Springs bounce on golf course but bank inquiry will set ball rolling
The Oireachtas Golf Society headed to Kerry last month for its annual Captain’s Prize outing. Labour backbencher Arthur Spring was host at Tralee golf club and among those teeing off was his uncle Dick, former Tánaiste, Labour leader and golf society captain.
The president of the Oireachtas GC sent his apologies as he was detained “out foreign”. According to our informant, this meant Phil Hogan, EU Commissioner for Agriculture, was somewhere other than Brussels or Strasbourg, which apparently doesn’t count as abroad.
Deputy Spring is a very useful golfer, but the lowest score of the day was posted by his brother Graham, who shot an impressive two under par for his round. Mind you, Graham – elected to Kerry County Council for the first time last year – used to be a golf pro.
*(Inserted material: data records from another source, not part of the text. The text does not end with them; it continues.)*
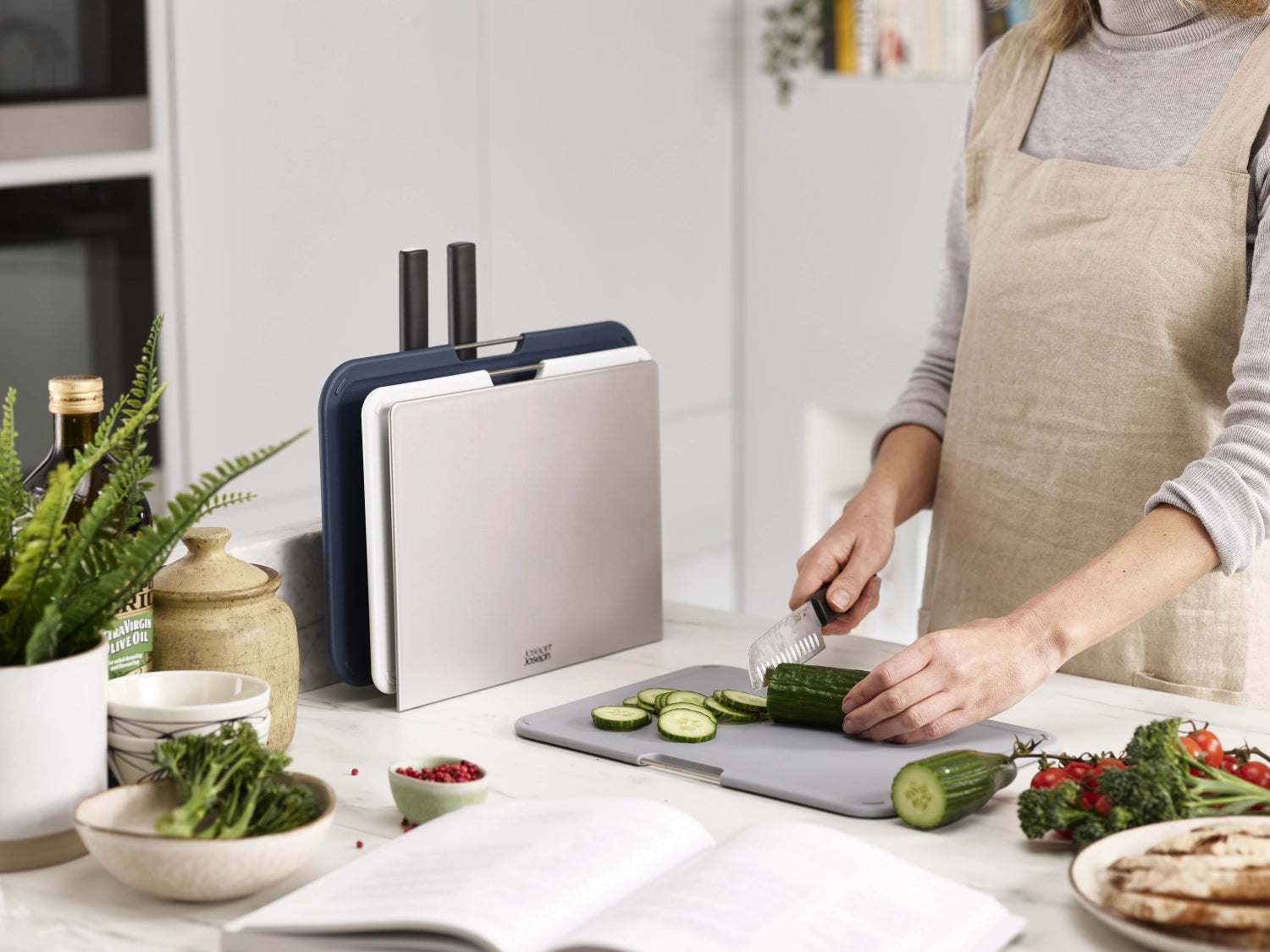 Nest board più coltello da 6 pezzi e set di taglieri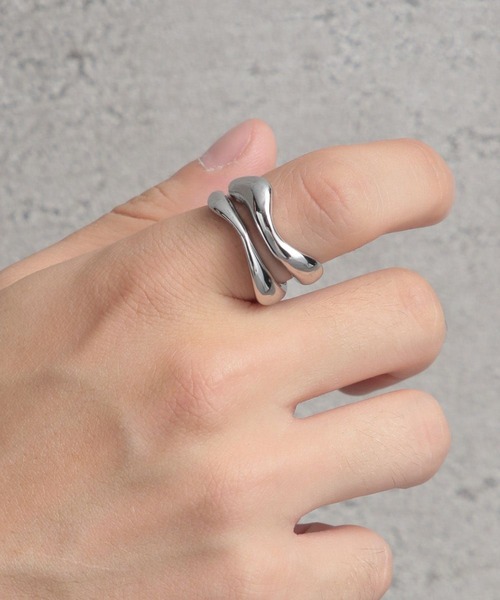 HARE（ハレ）の「ステンレスWウェーブリング(HARE)（リング・メンズ・シルバー・FREE）」の11枚目の写真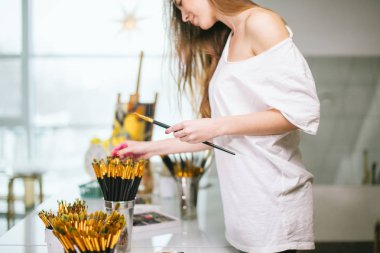 Onun stüdyo sanat dersi için hazırlarken doğal güzellik öğretmen ressam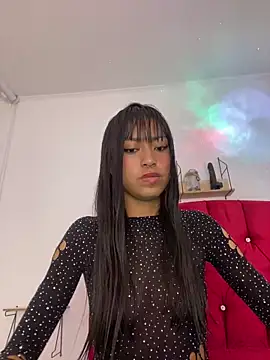 bonnie 18x online show from 12.30.24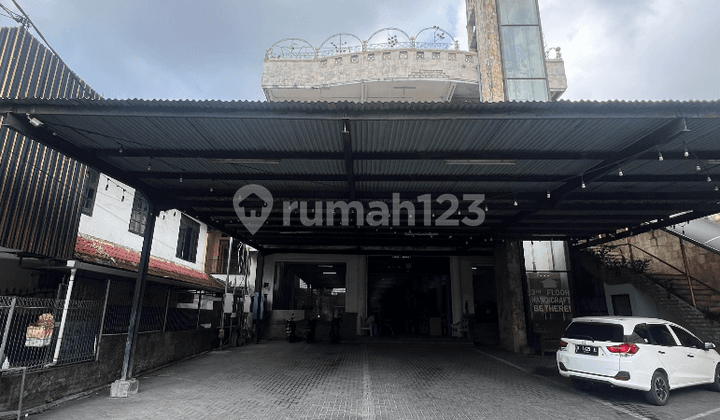4-Storey Building on Main Road Kerobokan Badung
The Tralee course was in magnificent shape, helping Noel Grealish, Independent TD for Galway West, win the top prize after years trying.
Cathaoirleach of the Seanad Paddy Burke made a valiant effort on the back nine but failed to make the placings. There were fewer than usual serving politicians taking part, a sign a general election is in the offing.
Speaking of which, some of the TDs who moved heaven to get themselves a coveted place on the banking inquiry committee are wondering if they made the right decision.
As constituency rivals rush off at every opportunity to stoke home fires, they are incarcerated in their basement bunker all week.
But next month when big political names start rolling in for questioning, they will be hoping to bank up enough national exposure to see themselves nicely into the summer break.